Memória muscular e células satélites

Indivíduos com histórico de treinamento de força, que suspendem seus treinos,  tende a restabelecer seus níveis de força com o retreinamento rapidamente, e esse fenômeno comumente observado foi chamado de “memória muscular.” Até então não se tinha conhecimento de mecanismos de memória nas células musculares  e os efeitos do retreinamento geralmente eram atribuídos as adaptações (aprendizado) do sistema motor (sistema nervo central), que facilitava todo o processo de retreinamento. No entanto, em um estudo em idosos que havia treinado-força a força ainda era 9-14% maior, mesmo depois 2 anos de destreinamento. Em um outro estudo se observou que após 30-32 semanas destreinamento, um grupo de mulheres perderam uma parte considerável da força obtida por 20 semanas de treino, no entanto, recuperou a força após apenas 6 semanas de retreinamento.
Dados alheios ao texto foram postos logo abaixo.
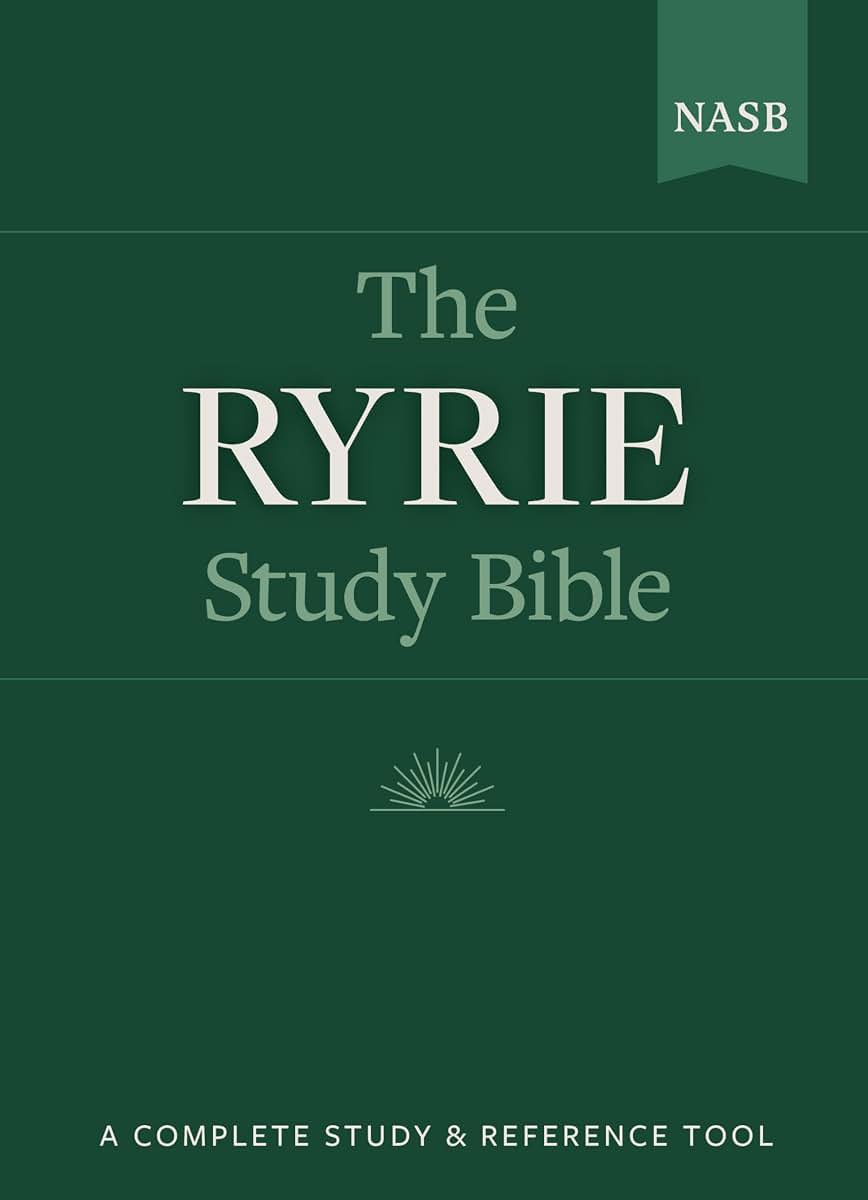 The Ryrie NAS Study Bible Hardcover Red Letter Indexed (New American Standard 1995 Edition)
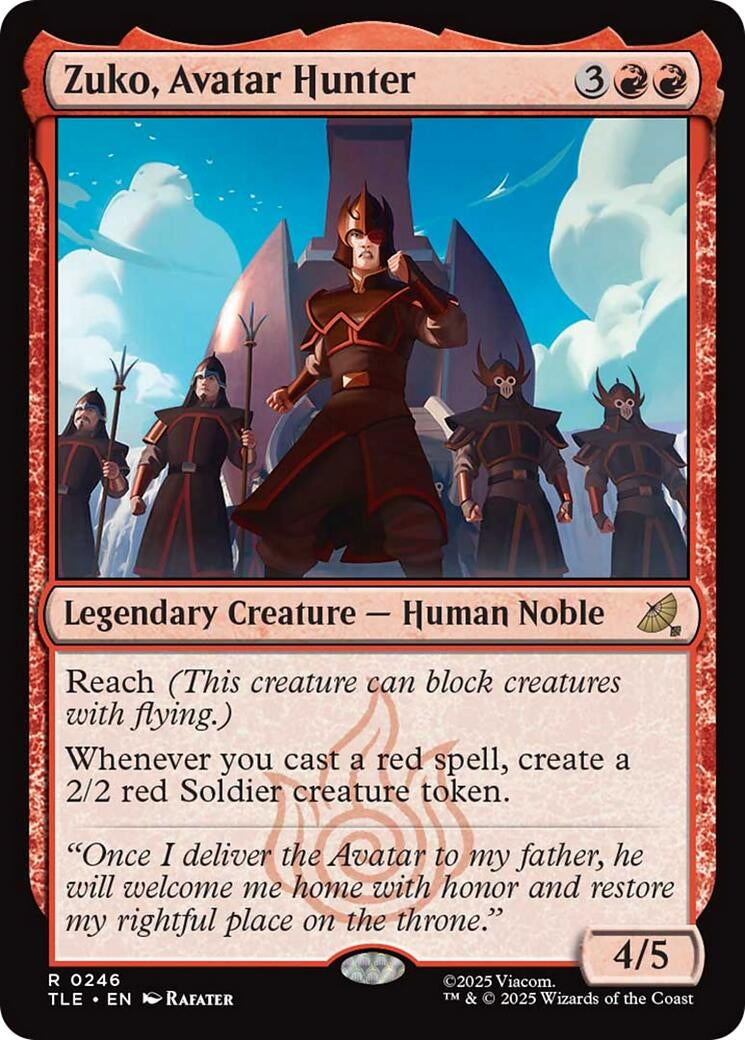 Image for Zuko, Avatar Hunter (0246) (246) (Foil) (Avatar: The Last Airbender: Eternal-Legal) - Magic: The Gathering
Isto sugere a possível presença de um mecanismo local de memória no músculo. Dessa forma, estudos atuais evidenciam que ocorre um aumento do número de núcleos celulares antes do processo de hipertrofia muscular. Tais núcleos são provenientes da migração, fusão e diferenciação das células satélites e este processo esta ligado ao aumento da massa muscular (hipertrofia) local e a pratica regular de treinamento resistido (musculação) potencializa todo esse processo. Além disso, já é sabido que o destreinamento (suspensão do treinamento regular,  imobilização,…) promove a redução da massa muscular (hipotrofia) mas não o número de núcleos celulares, favorecendo assim, o processo de hipertrofia muscular com o retreinamento. Tais acontecimento recebem o nome de memória muscular.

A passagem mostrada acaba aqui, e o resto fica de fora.